MSC “The record is less about criminality as a character trait than as a social condition.”

Thanks to a mix of language barriers and cultural stereotypes, most 'heads think Japanese hip-hop is derivative, silly, or downright racist. But the emerging Japanese underground is pumping out excellent, innovative tracks that deserve to be heard around the world. Japan The Beats highlights the best of these releases and tells the stories behind them. Click here to access the archive.

Tokyo's MSC can be compared to Staten Island's Wu-Tang clan for a few reasons. One will be obvious to anyone: although produced a decade later, the dusty, minor-key loops that drive tracks like “Mugon no Chikuseki [Accumulation of Silence]” are deeply evocative of the earliest work of the RZA. Second, the MCs -- Kan, Primal, and others make up the large crew -- hew to a deadpan, vaguely menacing style that will remind you of darker-spirited members of the Wu such as Raekwon and Inspectah Deck.

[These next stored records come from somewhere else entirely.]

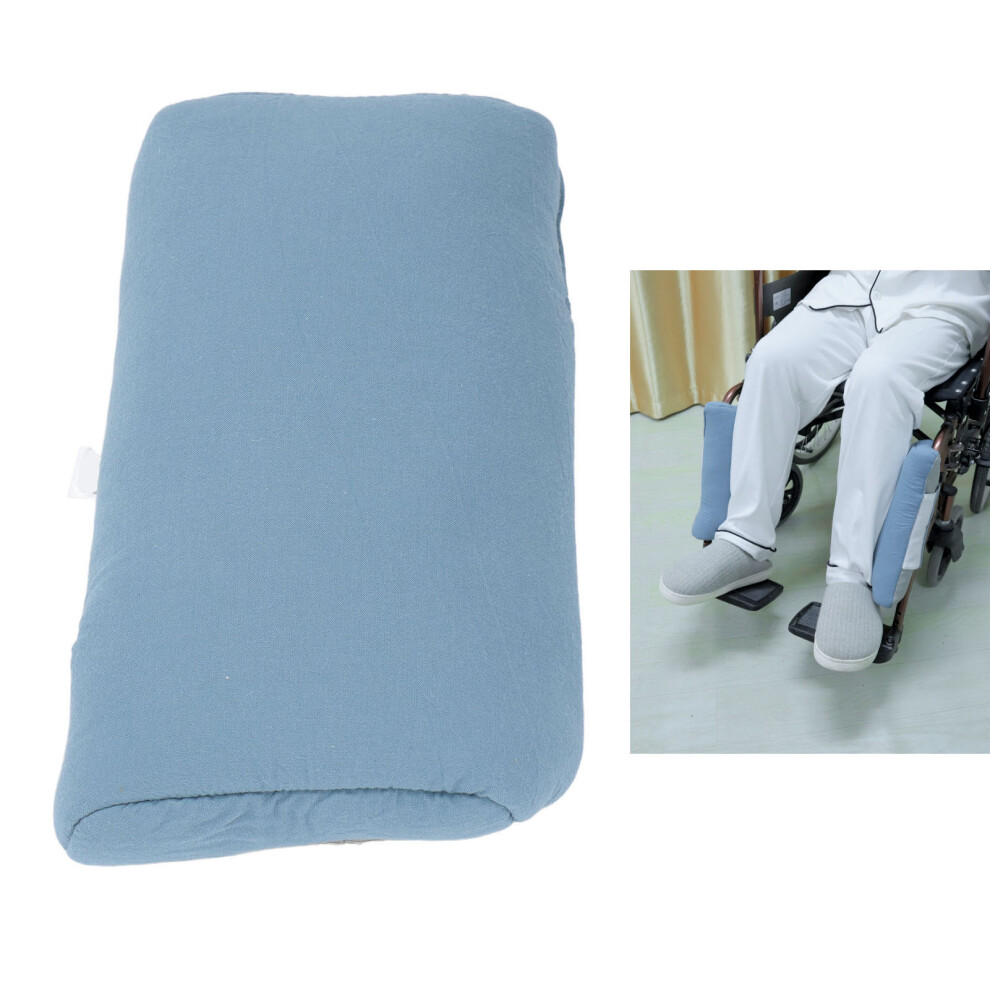 Wheelchair Armrest Pad Warm Breathable Wrist Elbow Protection Chair Arm Cushion for Home Office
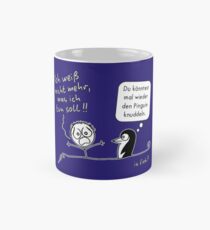 Was tun islieb Comics Tasse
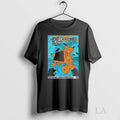 Original King Gizzard And The Lizard Wizard Melbourne October 24 2025 Tour Tee Sweater
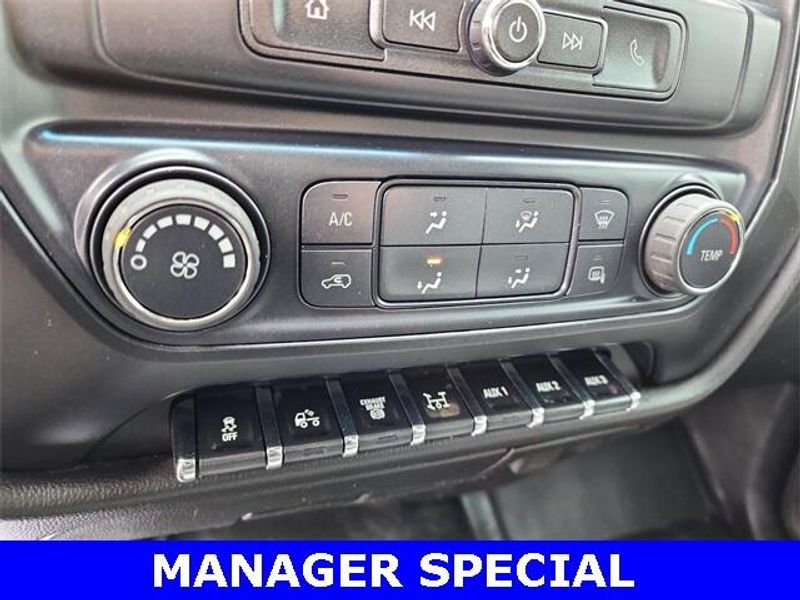 Used 2021 Chevrolet Silverado 4500HD Work TruckImage 14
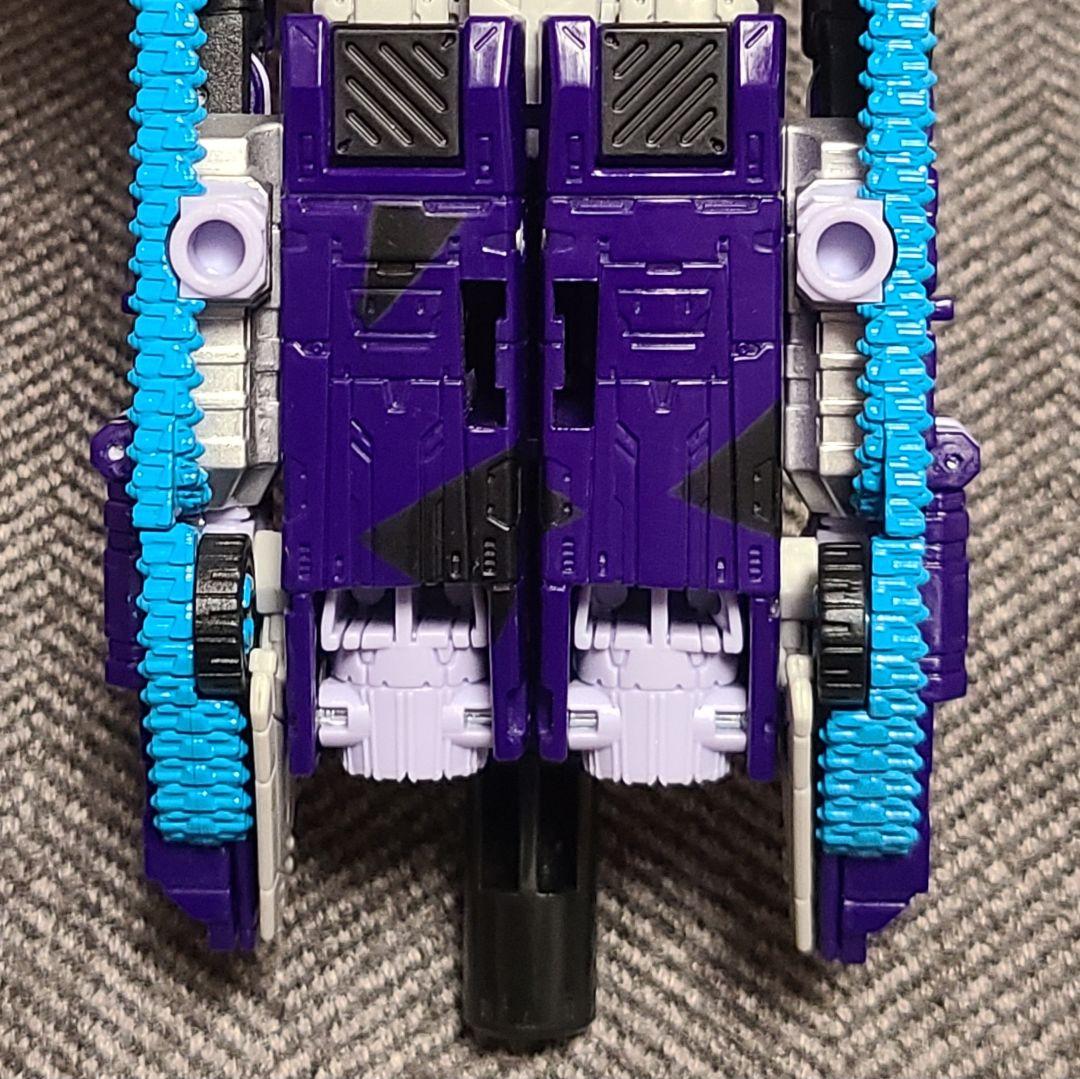 トランスフォーマーレジェンズ LG63 G2メガトロン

And finally, MSC's rhythmic inventiveness could even be compared to a toned-down, early Ghostface -- they're all around the beat, sometimes seeming to outright ignore it, but it always works.

The common ground that's less obvious, particularly to the non-Japanese speaking, is that, like Wu-Tang, MSC come from the street. I recently spoke with one of their DJs, and when I asked him what sort of work the crew did to support their music (they're not million-sellers by a longshot), he casually acknowledged that some of them had “regular” jobs, and some had “illegal” jobs. Apparently, the group has incurred the wrath of their label by making these sorts of open statements to journalists before. I've also got it on good third-party authority that they're closely tied to the Yakuza (organized crime in Japan).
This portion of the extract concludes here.